> [EXERCISE BRIEF]: Up to and including the line that holds "Wholesale Price with", print the data exactly from its first line; do not print the pictures.

> [INFORMATION SUPPLIED]:

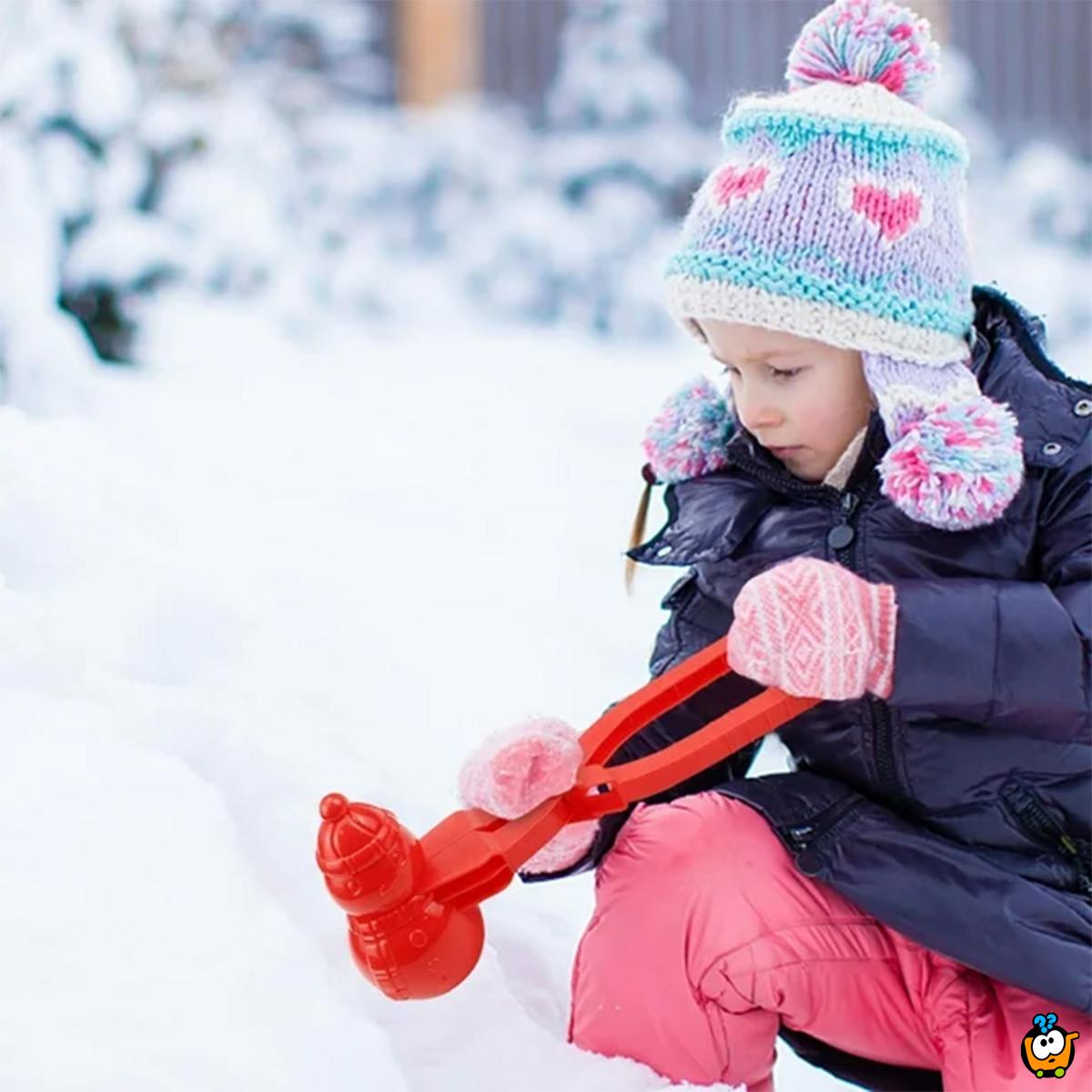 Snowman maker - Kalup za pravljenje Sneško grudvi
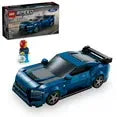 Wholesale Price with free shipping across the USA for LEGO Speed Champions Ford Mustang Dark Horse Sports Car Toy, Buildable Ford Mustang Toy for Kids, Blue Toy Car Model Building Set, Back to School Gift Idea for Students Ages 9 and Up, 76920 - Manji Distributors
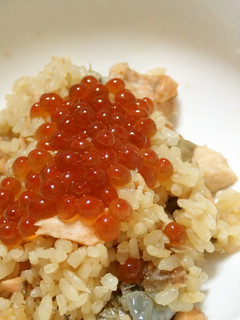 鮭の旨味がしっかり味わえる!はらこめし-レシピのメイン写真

> [YOUR RESPONSE]:
 Snowman maker - Kalup za pravljenje Sneško grudvi
 Wholesale Price with free shipping across the USA for LEGO Speed Champions Ford Mustang Dark Horse Sports Car Toy, Buildable Ford Mustang Toy for Kids, Blue Toy Car Model Building Set, Back to School Gift Idea for Students Ages 9 and Up, 76920 - Manji Distributors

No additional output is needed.